Better news came from the Department of Commerce New Home Sales report for October. New home sales achieved a five month high with a reading of 458,000 new homes sold on a seasonally-adjusted annual basis. October’s reading was 0.70 percent higher than September’s reading of 455,000 new homes sold, but missed analysts’ expectations of 469,000 new homes sold. New home sales increased by 1.80 percent year-over-year with regional rates as follows:
Midwest: +15.8 percent
Northeast +7.1 percent
West -2.7 percent
South -1.9 percent
The median price of new homes rose to a record high of $305,000 in October. The supply of new homes rose to a 5.60 month supply from September’s reading of a 5.50 month supply of new homes.
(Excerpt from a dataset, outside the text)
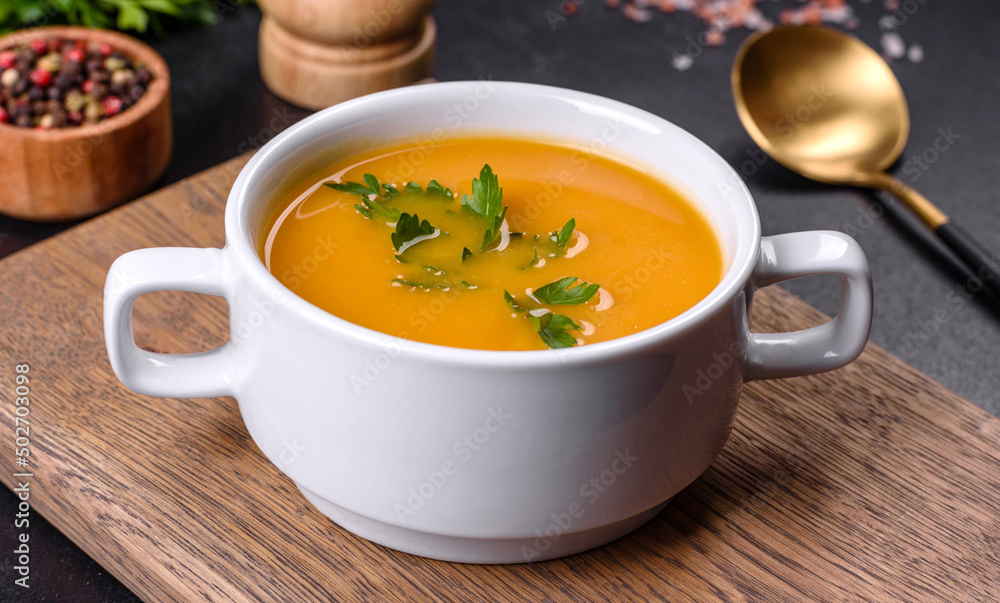 Delicious fresh pumpkin puree soup decorated with parsley in a white plate Delicious fresh pumpkin puree soup decorated with parsley in a white plate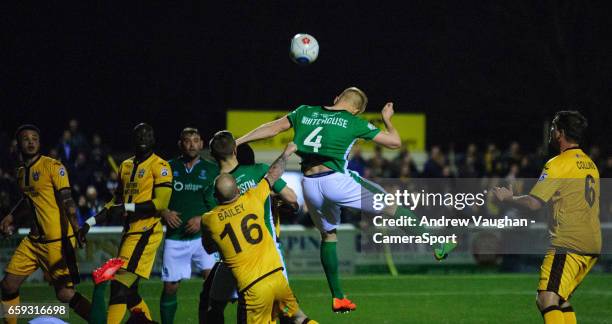 Lincoln City's Elliott Whitehouse scores the opening goal during the Vanarama National League match between Sutton United and Lincoln City at The...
Mortgage Rates Fall or Flat, Jobless Claims Rise
Freddie Mac reported that the average rate for a 30-year fixed rate mortgage fell from 3.99 percent to 3.97 percent; the average rates for 15 year mortgages and 5/1 mortgages were unchanged at 3.17 percent and 3.01 percent respectively. Average discount points were unchanged for all loan types at 0.50 percent.
New Jobless Claims rose to 313,000 last week and surpassed 300,000 for the first time in several weeks. Analysts had expected a seasonally-adjusted reading of 288,000 new jobless claims. Analysts said that a rise in claims could indicate a slower pace in hiring, but said that weekly readings are too volatile to indicate a trend. The four-week average of jobless claims was 294,000 new claims, which was near an eight-year low.
Next week’s scheduled economic events include Construction Spending, the Fed’s Beige Book Report, Non-Farm Payrolls and the National Unemployment Rate. Freddie Mac’s PMMS report on mortgage rates and Weekly Jobless claims will also be released as usual.